* Extracted data
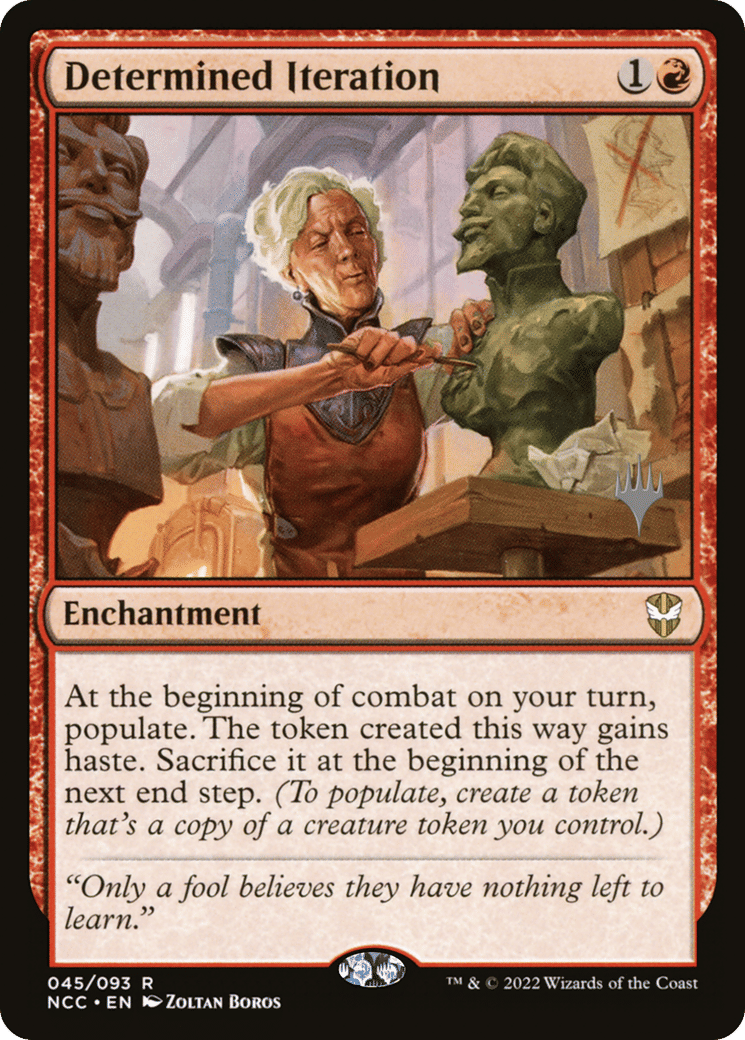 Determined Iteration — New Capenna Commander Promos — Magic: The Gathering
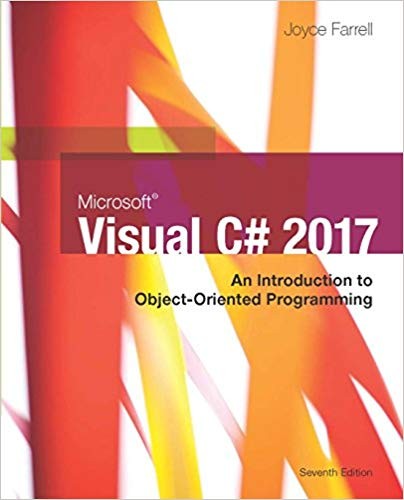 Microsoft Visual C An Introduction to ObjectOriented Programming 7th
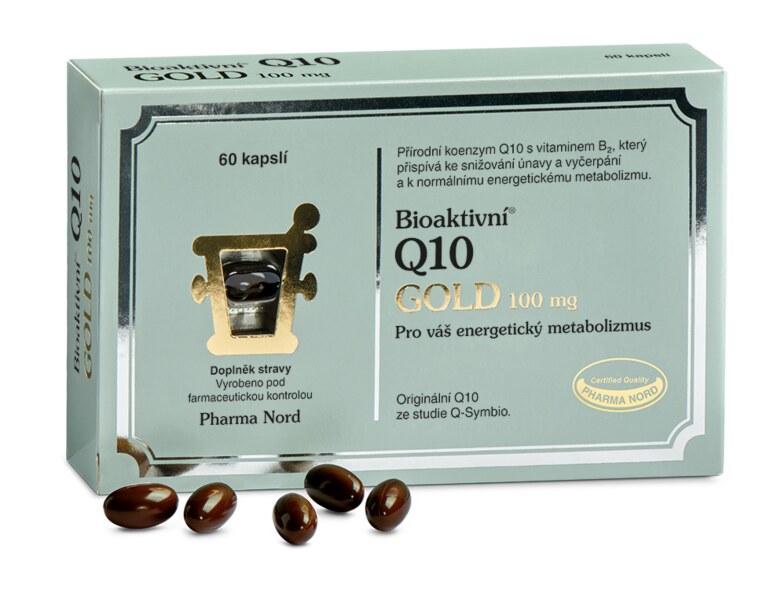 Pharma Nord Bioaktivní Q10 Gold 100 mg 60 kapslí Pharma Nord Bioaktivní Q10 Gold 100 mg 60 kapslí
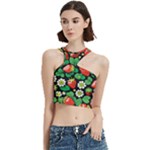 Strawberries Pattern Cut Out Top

==

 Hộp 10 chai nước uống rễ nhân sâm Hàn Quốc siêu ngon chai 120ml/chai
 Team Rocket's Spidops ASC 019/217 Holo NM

* * *

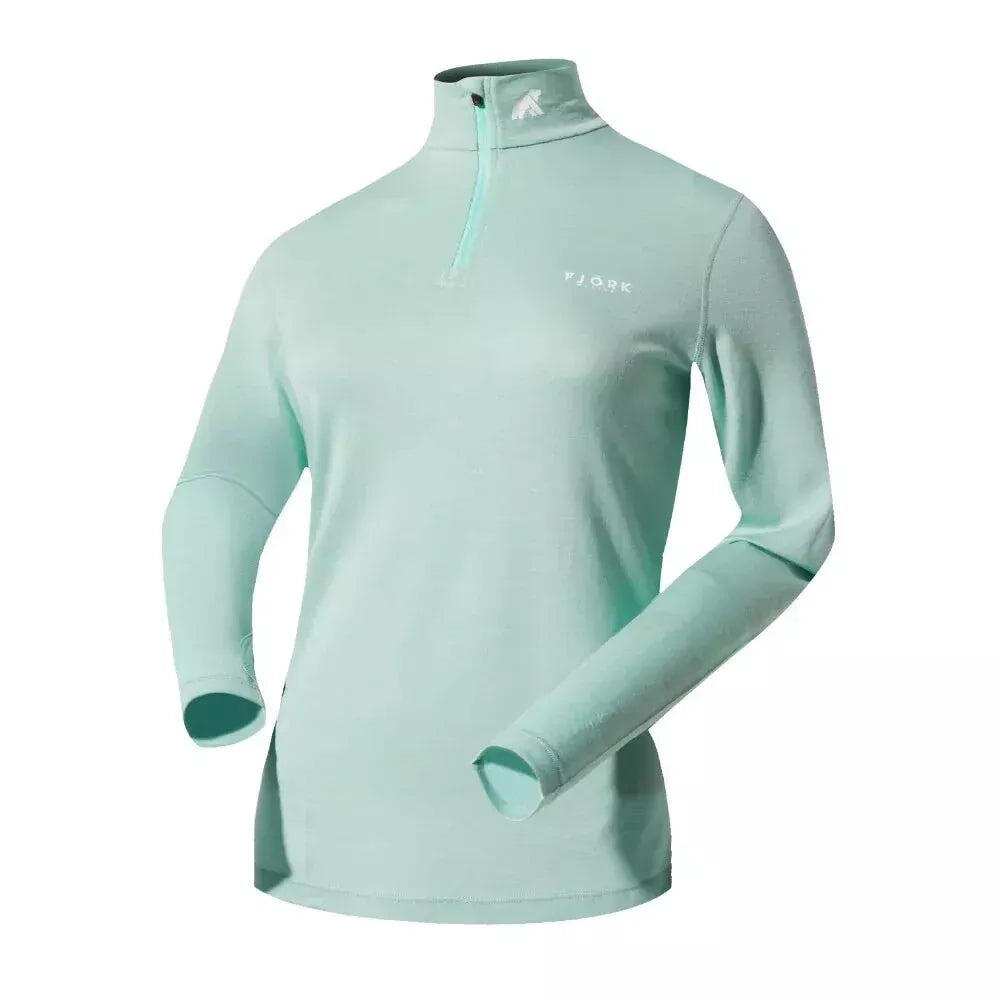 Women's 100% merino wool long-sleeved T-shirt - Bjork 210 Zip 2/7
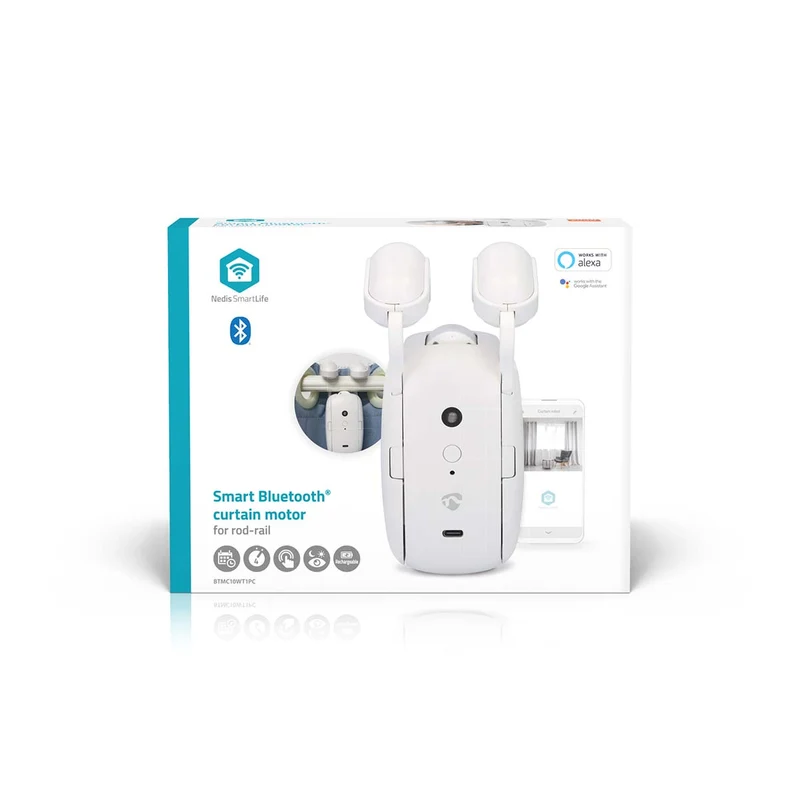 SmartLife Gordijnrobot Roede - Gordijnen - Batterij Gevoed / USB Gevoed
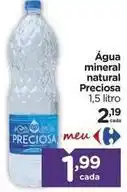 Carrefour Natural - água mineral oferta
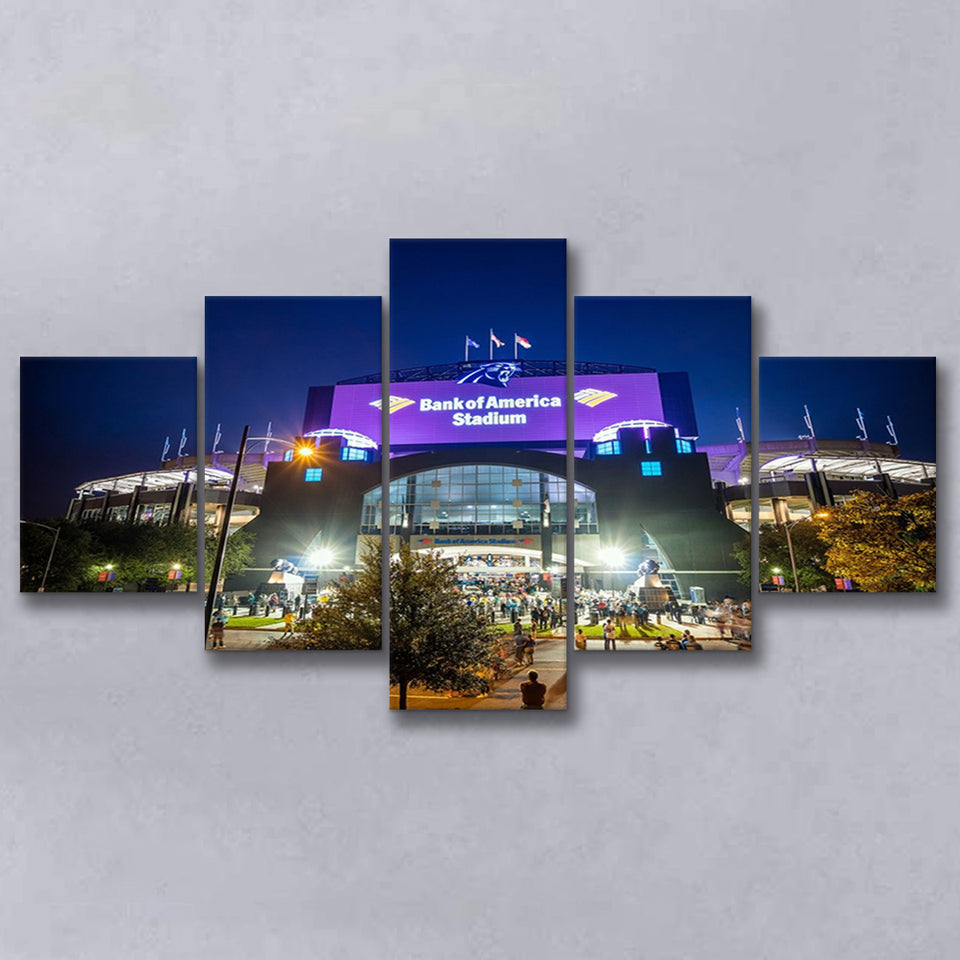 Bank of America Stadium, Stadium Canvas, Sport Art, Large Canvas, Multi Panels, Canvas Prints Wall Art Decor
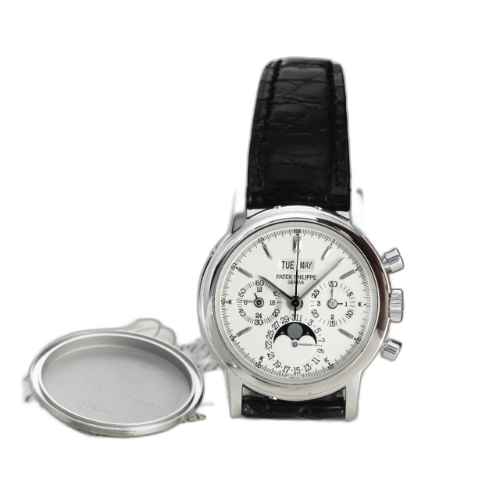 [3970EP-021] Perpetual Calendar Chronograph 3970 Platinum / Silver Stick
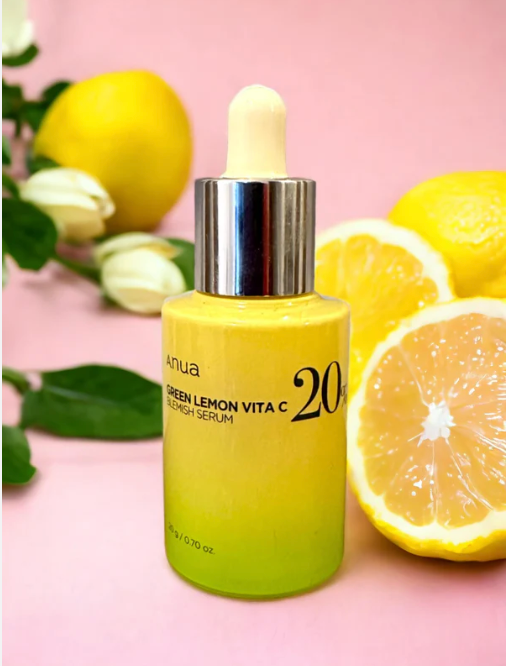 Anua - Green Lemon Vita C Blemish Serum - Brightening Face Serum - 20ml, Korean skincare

* Assignment
All that should appear in the answer is the lines above from the line with "Determined Iteration —" through the line with "Strawberries Pattern Cut Out Top", retyped exactly, pictures left out.

* Output for this task
 Determined Iteration — New Capenna Commander Promos — Magic: The Gathering
 Microsoft Visual C An Introduction to ObjectOriented Programming 7th
 Pharma Nord Bioaktivní Q10 Gold 100 mg 60 kapslí Pharma Nord Bioaktivní Q10 Gold 100 mg 60 kapslí
 Strawberries Pattern Cut Out Top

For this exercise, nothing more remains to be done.